One of the mule-drivers, who was somewhat hot-tempered, was so provoked
by the haughty language of the poor fallen knight, that he resolved to
give him the answer on his ribs, and running up he snatched the lance
from Don Quixote's hands, broke it in pieces, and taking one of them
began to beat him with such good-will that in spite of the armor he
bruised him like wheat in a mill-hopper. And he found the exercise so
much to his liking that he continued it until he had shivered every
fragment of the broken lance into splinters. Nevertheless he could not
stop the mouth of our valiant knight, who during all that tempest of
blows went on defying heaven and earth and shouting menaces against
those bandits, as he now supposed them to be.

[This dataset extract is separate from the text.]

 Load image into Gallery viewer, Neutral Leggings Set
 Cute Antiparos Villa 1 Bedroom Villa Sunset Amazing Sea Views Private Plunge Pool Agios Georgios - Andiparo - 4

At length the mule-driver grew weary, and the whole party rode off,
leaving the battered champion on the ground. When they were gone he made
another attempt to rise. But if he failed when he was sound and whole,
how much less could he do it now that he was almost hammered to pieces!
Notwithstanding, his heart was light and gay, for in his own fancy he
was a hero of romance, lying covered with wounds on honor's field.
VI. THE RETURN HOME
Two days had passed since Don Quixote left his home, and his niece and
his housekeeper were growing very anxious about him. More than once they
had heard him declare his intention to turn knight-errant, and they
began to fear that he had carried out his mad design. On the evening of
the second day, a few hours after he had been so roughly handled by the
muleteer, they heard a loud voice calling outside the street door: "Open
to Sir Baldwin and the Lord Marquis of Mantua, who is brought to your
gates grievously wounded." They made haste to unbar the door, and when
it was opened they saw a strange sight: mounted on an ass, whose head
was held by a laboring man of the village, sat Don Quixote, huddled
together in a most uncavalier-like posture, his armor all battered and
his face begrimed with dirt. Hard by stood Rozinante, a woeful object,
crooking his knees and drooping his head; and tied in a bundle on his
back were the splintered fragments of Don Quixote's lance.